Sunday, February 20, 2011

Speech to Text using Java

Is there out any utility, preferable command line that allows you to input an audio file and output a text file? Moreover, is there such a thing packaged as a library that developers can use? And yet again another technical requirement, is there something like it written on Java or another high level language? And as if it was not enough I want it for free. More than three years back I was looking for such a solution and I could not find something that works out of the box. If you try searching for something like this you will probably find the sphinx-4 project, a speech recognizer entirely written in Java. I spent a lot of time trying to understand the underlying basis of speech recognition and how it works, what are the roles of Language Models, Vocabularies, Acoustic Models, etc and not very few hours trying to make the whole thing work. I was successful in making it recognize isolated digits but what I wanted was general speech recognition that could deal with continuous speech, large vocabulary and complex grammar models. So I tried making it work for this scenario but I was unsuccessful, and for some of those models with larger vocabularies the system was very slow and I couldn't get much help with the documentation and available examples on the web. Without coming up with more excuses for my failed attempt I decided to take a different approach.

Surfing for other possible solutions I found some documentation for speech recognition engines from private companies that usually ship their products with a developer's API, big companies like IBM or Nuance. They would usually implement an interface known as SAPI (Speech Application Programming Interface) developed by Microsoft to provide speech recognition capabilities to Windows applications. In the same lines there is a JSAPI specification for the Java programming language. Microsoft not only developed the SAPI specification but also includes his own speech recognizer with some versions of the Windows operating system. So I downloaded the SAPI Software Development Kit and wrote a simple command line utility that reads a raw audio wav file and outputs a text file with the transcription of what was said in the audio file. Results were not great, especially because the recognition engine is not very speaker independent and some audio files that I tried had noise/music in the background.

The results of this hacking activity went beyond modifying one of their code examples to write this command line utility but I also wrote a JNI  (Java Native Interface) interface to use the recognition engine from Java, although I have to stress I did it more as a practicing exercise because I'm still limited to read only from a wav file. Of course this will only work on Windows but portability is something you will have to give up for this time if you want all those things that I mentioned at the beginning of this post. I'm including a link here with the command line utility with source code and the Java interface and one example of usage of the interface using Java.

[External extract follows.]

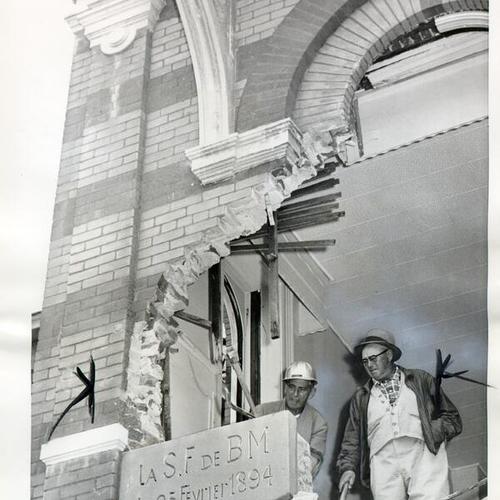 [Cecil Hedrick and Pete Bergren helping to dig out an 1894 cornerstone from the old French Hospital building]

One limitation of those tools will also be that the wav file must be a PCM raw audio file with 22KHz frequency, 16 bit per sample and stereo sound. For this purpose I recommend using some nice command line utility to do the job: You can use SoX, an open source library and command line tool to change any of those parameters from the wav audio file. Also it would be great if you could input mp3 files or even video files. The problem with mp3 is that there are not so many solutions for conversion out of the box due to patents. You will have to download and compile LAME and integrate this encoder with SoX in order to get SoX to convert raw PCM wav files to mp3 encoded files. For video files the best solution is to use mplayer from the command line using mplayer -vo null -ao pcm:file=%FILE_PATH%. This will extract the audio from the video file.

Getting to hack with audio and video formats and speech recognition development was an interesting experience, this also exposed me to other higher level technologies like VoiceXML and later I had the chance to meet one of the developers of Firevox, a Firefox extension that focus on accessibility. Coincidentially a research project here at Stony Brook also does accesibility using voice technologies: HearSay.
This book  about the history of vocoders
is titled: "How to wreck a nice beach"
a phrase commonly used as example of
the difficulty of speech recognition,
because it sounds like: "How to recognize speech"